Taxe internationale : Apres le message de Jacques Chirac à Davos (janvier 2005)
Après le message de Jacques Chirac à Davos, sur les taxes internationales, communiqué d’Attac-France. Extrait de la Lettre d’Attac 45 n°29, février/mars 2005.
Taxes internationales ou « Constitution « européenne : il faut choisir
Attac a pris connaissance des propositions faites le 26 janvier par M. Jacques Chirac au Forum économique mondial de Davos en vue de mobiliser au moins 10 milliards de dollars par an pour lutter contre le sida. Elles s’inscrivent dans le prolongement de son discours de septembre 2004 sur le financement du développement prononcé devant l’assemblée générale de l’ONU.

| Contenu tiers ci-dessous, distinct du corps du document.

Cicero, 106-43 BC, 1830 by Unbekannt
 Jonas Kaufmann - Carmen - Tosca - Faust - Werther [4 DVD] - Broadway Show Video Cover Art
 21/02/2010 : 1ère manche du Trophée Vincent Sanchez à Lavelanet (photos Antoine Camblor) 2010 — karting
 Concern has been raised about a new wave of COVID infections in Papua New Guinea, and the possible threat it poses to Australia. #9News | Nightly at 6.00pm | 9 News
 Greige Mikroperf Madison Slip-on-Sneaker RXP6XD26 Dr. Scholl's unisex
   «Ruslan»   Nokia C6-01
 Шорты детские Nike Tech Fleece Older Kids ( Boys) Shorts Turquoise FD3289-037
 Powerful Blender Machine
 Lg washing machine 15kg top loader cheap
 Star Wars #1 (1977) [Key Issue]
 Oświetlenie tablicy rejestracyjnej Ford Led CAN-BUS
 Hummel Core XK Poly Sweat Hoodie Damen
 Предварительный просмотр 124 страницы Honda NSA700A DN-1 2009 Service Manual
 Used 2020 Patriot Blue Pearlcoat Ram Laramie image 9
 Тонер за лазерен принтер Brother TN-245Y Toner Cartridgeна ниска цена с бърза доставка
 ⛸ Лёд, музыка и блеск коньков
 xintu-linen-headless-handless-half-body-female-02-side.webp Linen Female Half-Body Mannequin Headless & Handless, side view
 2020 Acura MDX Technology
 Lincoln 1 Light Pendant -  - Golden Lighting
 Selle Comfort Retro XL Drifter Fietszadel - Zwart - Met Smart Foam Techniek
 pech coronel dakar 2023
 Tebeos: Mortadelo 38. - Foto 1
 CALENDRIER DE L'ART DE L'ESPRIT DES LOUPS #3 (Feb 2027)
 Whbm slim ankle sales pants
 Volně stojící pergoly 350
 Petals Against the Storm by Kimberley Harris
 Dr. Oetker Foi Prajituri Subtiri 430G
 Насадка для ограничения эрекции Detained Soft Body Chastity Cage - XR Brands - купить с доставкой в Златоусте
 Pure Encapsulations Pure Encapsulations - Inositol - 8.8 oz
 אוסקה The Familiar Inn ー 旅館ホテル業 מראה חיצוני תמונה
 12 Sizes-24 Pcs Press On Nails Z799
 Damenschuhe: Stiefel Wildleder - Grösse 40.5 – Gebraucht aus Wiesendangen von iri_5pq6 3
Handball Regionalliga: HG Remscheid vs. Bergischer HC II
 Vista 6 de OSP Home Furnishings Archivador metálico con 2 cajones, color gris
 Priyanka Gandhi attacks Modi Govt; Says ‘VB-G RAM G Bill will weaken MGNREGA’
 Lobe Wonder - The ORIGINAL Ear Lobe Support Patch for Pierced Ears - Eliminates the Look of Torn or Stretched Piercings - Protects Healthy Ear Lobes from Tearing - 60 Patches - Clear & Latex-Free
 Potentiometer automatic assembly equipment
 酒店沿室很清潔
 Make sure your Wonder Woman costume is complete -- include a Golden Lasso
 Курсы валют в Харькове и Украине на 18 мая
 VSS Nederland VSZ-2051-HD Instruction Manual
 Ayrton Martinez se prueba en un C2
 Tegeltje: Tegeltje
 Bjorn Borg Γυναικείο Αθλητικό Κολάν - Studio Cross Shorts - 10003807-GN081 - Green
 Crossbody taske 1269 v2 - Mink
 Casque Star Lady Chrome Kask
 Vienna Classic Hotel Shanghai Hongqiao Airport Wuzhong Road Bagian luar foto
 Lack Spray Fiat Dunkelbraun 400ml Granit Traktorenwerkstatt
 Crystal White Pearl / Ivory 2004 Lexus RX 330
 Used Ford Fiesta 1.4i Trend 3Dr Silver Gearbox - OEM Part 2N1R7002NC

Tout comme elle l’avait fait à l’époque, l’association Attac se réjouit que certaines des idées et propositions pour lesquelles elle fait campagne depuis sa création en 1998 soient reprises par le président de la République et portées devant les forums internationaux.
En particulier, elle prend acte avec satisfaction de la proposition de mettre en place, ne fût-ce qu’à titre expérimental, un prélèvement sur les transactions financières internationales, du type taxe Tobin, et de celle de taxer les flux de capitaux sortants et entrants dans les pays qui maintiennent le secret bancaire. Cette dernière proposition est, à ce jour, la seule mesure un tant soit peu concrète envisagée au niveau gouvernemental en vue de lutter contre le fléau des paradis fiscaux.
Attac rappelle cependant :
– que la lutte contre le sida, si prioritaire qu’elle soit, ne
saurait faire oublier les autres besoins humains fondamentaux non satisfaits à l’échelle planétaire : accès à l’alimentation, à l’eau, au logement, à l’éducation et à la santé, etc. ;
– que la somme de 10 milliards de dollars citée par le président de la République est très insuffisante pour faire face à ces besoins. Elle doit être multipliée au moins par 5 ou 6 ;
– que des sommes annuelles de 50 à 60 milliards de dollars sont parfaitement mobilisables. Ainsi M. Bush vient de demander au Congrès une rallonge de 80 milliards de dollars au budget du Pentagone, déjà astronomique, afin de poursuivre la guerre en Irak.
Par ailleurs, Attac s’étonne que les propositions de M. Chirac soient faites uniquement hors de France et hors de l’Union européenne : à New York et en Suisse. Cela est d’autant plus surprenant que l’UE dispose, tant économiquement que financièrement, de la masse critique suffisante pour mettre en place unilatéralement les mesures évoquées par le président de la République, et pour créer ainsi un effet d’entraînement en direction des autres pays, notamment dans la perspective de la réunion de l’ONU de septembre prochain évoquée dans le message à Davos.
Attac souhaite donc que le Président de la République demande d’urgence à la présidence luxembourgeoise de l’UE de convoquer un Conseil européen extraordinaire pour examiner les propositions françaises. Par ailleurs, Attac demande au président du Parlement européen de se saisir également de cette question. Attac s’interroge : cette réticence, à ce jour, de saisir les instances européennes n’est-elle pas tout simplement due au fait que la « Constitution « prochainement soumise à ratification par référendum est incompatible avec les propositions de M. Chirac ? Son article III-156 dispose en effet que « les restrictions, tant aux mouvements de capitaux qu’aux paiements entre les Etats membres et les pays tiers sont interdites « . Or la Commission européenne a toujours considéré qu’une taxe du type Tobin était contraire au traité, dont elle est institutionnellement la « gardienne « . Quant à la taxation des flux entrants et sortants dans les pays qui maintiennent le secret bancaire, elle vise directement, entre autres, un Etat membre de l’UE, le Luxembourg. Le président de la République s’est-il assuré du soutien à ses initiatives de M. Barroso, président de la Commission, et de M. Juncker, premier ministre du Luxembourg et président en exercice de l’UE ?
Si ces personnalités ne font pas connaître publiquement et rapidement leur accord avec la démarche de M. Chirac, il ne restera plus au président de la République qu’ à appeler publiquement les Français à dire massivement « non « au référendum de ratification de la « Constitution « . Faute de quoi, ses propositions pourraient être interprétées comme de simples effets d’annonce sans aucune possibilité de traduction concrète.
C’est parce que, entre de nombreuses autres raisons, Attac est sans illusion sur une « Constitution « totalement incompatible avec une démarche de solidarité fondée, notamment, sur une taxation de la spéculation financière et sur la suppression des paradis fiscaux, que l’association appelle à voter « non « au prochain référendum.
Attac, Porto Alegre, 27 janvier 2005.